一種の哲学書でもある
作者が好きなこと、爬虫類が比較的好きなこと、そして何より表紙が素敵だったので購入したが、ここまで考えさせられる作品だとは思わなかった。そのときの気持ちの持ちようで自分自身の感想も変わってきて、そのあたりの面白さに、つい何度も何度もページをめくってしまう。きっと年を重ねても、また感想は違ってくるのだろう。今から楽しみだ。
レビューの中に、中学生ですというのがあって、とても羨ましい。もうあのころの感性では読めないから。
うちに来るたびに、この本を見ていく小学生の子どもがいる。単に絵がすきなのか、内容を読んでいるのか、わからないが、(内容だったらちょっと怖い)あえて感想は尋ねない。彼女も、そっと本棚に戻して帰っていく。決して子ども用ではないが、子どもを惹きつける魅力も持っているようだ。
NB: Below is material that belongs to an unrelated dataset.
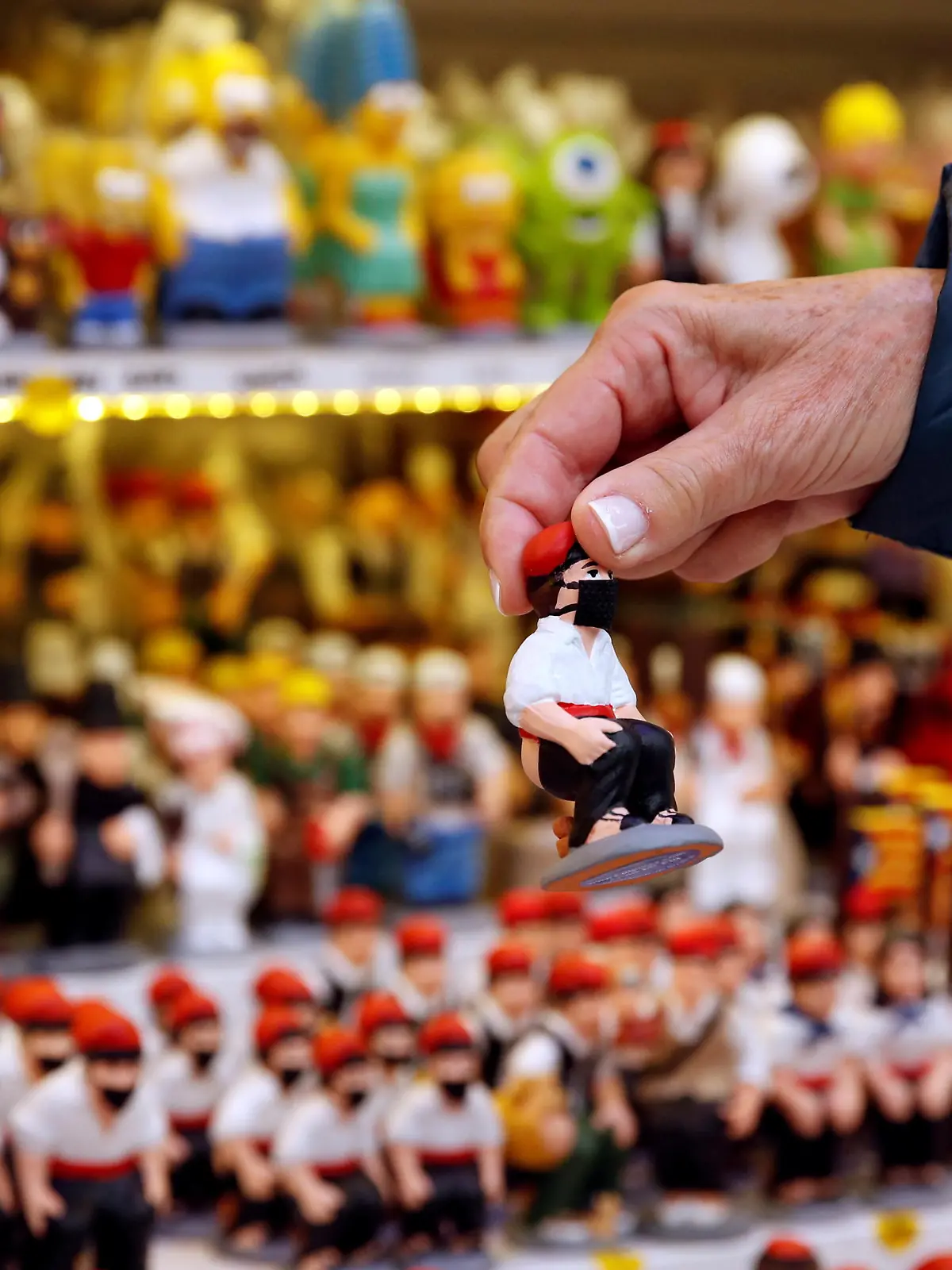 A woman holds a clay "caganer" figure wearing a mask, which symbolises defecation and fertilisation of the earth, and is believed to bring prosperity and luck for the coming year, at the Santa Llucia Christmas market in central Barcelona, during the coronavirus disease (COVID-19) outbreak, in Barcelona, Spain, December 17, 2020.  REUTERS/Albert Gea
読み方は千差万別、読み手の数だけ解釈があっていい作品だと思う。
動物たちの虚ろな視線が印象的
ボクの好きな出久根さんの絵をみて手に取った作品ですが、 タイトルからも想像できるように、読んだ後でいろいろと考え込み、 解釈することを要求されるタイプの絵本でした。大自然という弱肉強食の世界は、自らが生きるために他者を 殺すことが了解される世界。もし自分がその中の1匹だとしたら… 捕食側の場合、誰を食べていいのか、誰を食べちゃいけないのか という根本的な問題に直面することになります。どこまでが仲間か? 血のつながってる者までか? 同種までか? 同類までか? 自分以外は例え弟妹であっても食べてよい、それが他者を平等に 扱うということだ。というのがワニの解釈。んー深いですねぇ。 人間社会も、仲間か仲間でないかという線引きをどこにするかで、 全く変わってしまうところがあります。しかも線の位置が国家や宗教、 最近では個人レベルで違っているから、なんとも複雑です。 無関心という家に閉じこもり、逆らえない運命が通り過ぎるのを、 憂鬱という窓から覗きながら待つのも一つの智恵なんでしょうね。 この作品に出てくるほとんどの動物みたいに。 『我々は生きているのではなく、殺されないだけ』$N$そう考えた瞬間、自分の住む街がピクッと緊張するのを感じました。
何回も読んだ絵本
僕は今まで何回も同じ本を読むということをしませんでした しかし、この本は内容、絵、共に素晴らしいです どちらかというと絵が素晴らしいです お勧めの一冊です
一番お勧めの絵本
僕が今まで読んだ絵本の中で一番よいものです 内容はもちろん良いですが 絵がすばらしいと思います 表紙を見て、何かひらめきがあってこれを読みました また僕は中学生ですが 同じ絵本を何回も読み返すという経験を初めてしました お勧めの一冊です
大きくなった子どもと読んでみたい本
背景のジャングルの木や花や動物たちとワニの目の表情が最高です。 この本を読んだとき、いろんな思いがいっぺんにどかんと落ちてきたようで混乱し考え込んでしまいました。 でも、この状況は、なんだか世界情勢ににています。たとえば、ワニを日本にライオンをアメリカにカメレオンをアジア諸国に置き換えてみればよく理解できるのではないでしょうか。 梨木香歩さんの作品は、ある部分とてもシビアに現代社会を反映していると思うのです。 「この本、どう思う?」と、思春期の子どもにきいてみました。この絵本を読んで『絵本』に対する認識を新たにしたようです。